VIII. THAT every member of society hath a right to be protected in the enjoyment of life, liberty and property, and therefore is bound to contribute his proportion towards the expence of that protection, and yield his personal service, when necessary, or an equivalent thereto . . . Nor can any man who is conscientiously scrupulous of bearing arms, be justly compelled thereto, if he will pay such equivalent.
XIII. THAT the people have a right to bear arms for the defence of themselves and the State; and as standing armies, in the time of peace, are dangerous to liberty, they ought not to be kept up: And that the military should be kept under strict subordination to, and governed by, the civil power." [pp.18-19]


The first assertion from the historians relating to the language they have quoted is as follows:

"This language reflects the Presbyterian complaints against the Quaker government’s perceived failure to provide for the common defense over the previous twenty years." [p.19]

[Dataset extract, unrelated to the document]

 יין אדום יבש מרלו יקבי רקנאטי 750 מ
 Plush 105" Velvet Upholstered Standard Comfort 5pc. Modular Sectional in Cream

The quoted language could not be a complaint against Pennsylvania's Quaker government for several reasons, the least of which is that Pennsylvania did not have a "Quaker government." The colony had a representative assembly, and Quakers, while a large minority, had not been the majority population in the colony for some time. Quakers were, however, able through political alliances to prevent the adoption of militia laws like those of the other colonies during the described period as well as throughout the prior colonial history when it was more directly under Quaker control. As a result, colonial Pennsylvania never required men to perform militia duties or obtain arms for such purposes, unlike the other American colonies that all passed militia laws in colonial times.

Pennsylvania copied most of the language in Sections I, VIII, and XIII from Virginia's Declaration of Rights. All Revolutionary Era Declarations of Rights borrowed or copied provisions from the declarations of earlier states except for Virginia, which produced the first such declaration. Thus, Virginia and Pennsylvania, the second state to produce a declaration of rights, were often borrowed from or copied by later states. The language quoted by the historians from Pennsylvania's Declaration of Rights is not unique to Pennsylvania because much of it was copied from Virginia, and all of Pennsylvania's was copied verbatim by Vermont. Pennsylvania's provisions were also borrowed by other states. These facts contradict the historians' assertion since the language clearly does not relate to any Quaker specific Pennsylvania history in these other states.

Examining the provisions of Section XIII specifically, it is evident that these clauses are not complaints against Quakers, but rather complaints against the British. Quakers never attempted to raise an army in time of peace, but the British actually did so in Massachusetts. Suggesting otherwise would be inane. Similarly, Quakers were the last persons on the planet to have any interest in making the military superior to the civil power, but that was exactly what the British had done in Massachusetts. As far as the people's right to bear arms for defense, Quakers never prevented any of the people from defending themselves, their families, their communities, or the colony. However, the British had been making every effort for a considerable time to prevent the inhabitants under their military control in Massachusetts from possessing powder or arms (a few Loyalists excepted), thus making it impossible for the people there to protect themselves or the colony.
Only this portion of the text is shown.